We are often tempted to think that sleep is a loss of time. That in the worst case scenario, we will catch up our lack of sleep later, and that sleep is for “lazy” people. I admit, I was convinced that was true for years. It took exactly 32 years for me to understand I was wrong!
Unfortunately, I discovered the truth the hard way. I am 33 years old, I have two boys (4 and 1.5 years old) and I am hustling everyday to build and grow the second company I co-created 2 years ago. My wife has also a full time job with responsibilities and the stress that comes with it. We constantly have to organize and synchronize our schedule to best manage our busy lives. Every parent knows that raising young kids is a really tiring period in a life.
At some point last year, I ended up constantly exhausted everyday and it last during 6 long months.
At the beginning of this crisis, I believed that I needed to relax more and that if I did relax, I will stress less and feel better. Therefore, I tried to go out more with my friends. But, I ended up being worse, even more tired. As, I felt really bad, always exhausted, I tried the exact opposite, I started a “sleep” cure, which consisted for me to sleep as much as possible. It means mostly going to bed early (around 8-9pm after my kids) and after a couple of weeks, I started to feel better, a lot better.
We all have a busy life, we have kids, hobbies, jobs. Sacrificing a bit of sleep can be tempting to decrease a bit more the length of our endless Todo-lists.

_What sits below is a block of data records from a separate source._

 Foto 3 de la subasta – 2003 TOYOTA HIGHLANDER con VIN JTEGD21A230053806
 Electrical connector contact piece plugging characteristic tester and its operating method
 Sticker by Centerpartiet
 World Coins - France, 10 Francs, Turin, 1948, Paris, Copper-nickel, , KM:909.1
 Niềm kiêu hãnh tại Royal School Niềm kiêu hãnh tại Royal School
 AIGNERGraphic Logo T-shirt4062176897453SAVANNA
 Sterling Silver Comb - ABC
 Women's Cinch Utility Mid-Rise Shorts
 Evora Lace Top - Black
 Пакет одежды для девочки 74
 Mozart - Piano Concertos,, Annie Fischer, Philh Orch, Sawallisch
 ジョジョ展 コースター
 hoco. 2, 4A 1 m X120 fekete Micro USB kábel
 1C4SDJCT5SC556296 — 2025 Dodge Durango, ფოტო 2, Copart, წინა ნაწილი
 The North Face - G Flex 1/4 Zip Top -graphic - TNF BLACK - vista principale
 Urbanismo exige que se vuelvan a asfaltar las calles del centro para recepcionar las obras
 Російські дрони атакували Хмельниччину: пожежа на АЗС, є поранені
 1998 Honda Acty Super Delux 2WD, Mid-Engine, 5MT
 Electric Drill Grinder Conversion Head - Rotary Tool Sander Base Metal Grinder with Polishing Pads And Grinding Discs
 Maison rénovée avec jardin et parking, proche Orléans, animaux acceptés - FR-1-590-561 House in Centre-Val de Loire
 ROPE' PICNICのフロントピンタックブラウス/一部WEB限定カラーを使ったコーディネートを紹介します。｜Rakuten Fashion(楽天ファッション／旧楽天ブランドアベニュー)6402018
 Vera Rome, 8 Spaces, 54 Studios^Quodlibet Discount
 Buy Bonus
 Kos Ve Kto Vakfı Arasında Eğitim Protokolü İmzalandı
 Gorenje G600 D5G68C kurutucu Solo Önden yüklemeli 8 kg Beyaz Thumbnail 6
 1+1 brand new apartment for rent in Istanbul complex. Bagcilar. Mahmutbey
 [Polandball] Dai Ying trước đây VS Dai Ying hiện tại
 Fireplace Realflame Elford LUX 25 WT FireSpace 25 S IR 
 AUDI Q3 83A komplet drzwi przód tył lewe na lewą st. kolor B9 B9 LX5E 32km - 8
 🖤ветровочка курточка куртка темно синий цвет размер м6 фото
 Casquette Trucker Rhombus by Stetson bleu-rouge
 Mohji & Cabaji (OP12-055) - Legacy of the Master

But science and experience taught me it was absolutely not a good idea.
Today, I truly think that sleep should be “non-negotiable” in any agenda and that it can affect productivity and happiness in life.
What risks do we encounter if we do not sleep.
To operate optimally, researches showed that 90 percent of the human population needs somewhere between seven to nine hours a night.
The insidious effects of sleep loss are well documented. Research confirms that a lack of sleep impacts the body on a systematic level, disrupting everything from our metabolism to our immune system. Sleep loss has been linked to obesity, cardiovascular disease, reduced fertility, mood disorders, depression, learning and memory problems and cancer.
Sleep deprivation is one of the most expensive problems for the world right now
I noticed that I needed around 7,5 hours of sleep every night to feel alive and positive the next day. If I don’t sleep enough, I end up with absolutely no energy, no envy at all and I feel bad constantly. Since I understood the importance of sleep, I really appreciate feeling positive about everything, either it is personal or either professional matters.
Of course, sleeping more has a price: I don’t go out anymore. Parties and afterworks are no longer in my agenda. I go to bed everyday between 9:00pm and 10:30pm. I also reduced my alcohol consumption before bedtime (no more drinks before dinner) and I swear I don’t regret at all those efforts.
My quality life is much better and I can now focus entirely on my work and projects.
Unfortunately, nobody can train itself to need less sleep.
Would you rather have 15-16 hours of energized and productive wakefulness or 18-19 hours of wakefulness with a poor mood and low energy levels? Think about it.
Encourage your teammate to respect their sleep. Who knows? You might notice an improvement in your project’s productivity.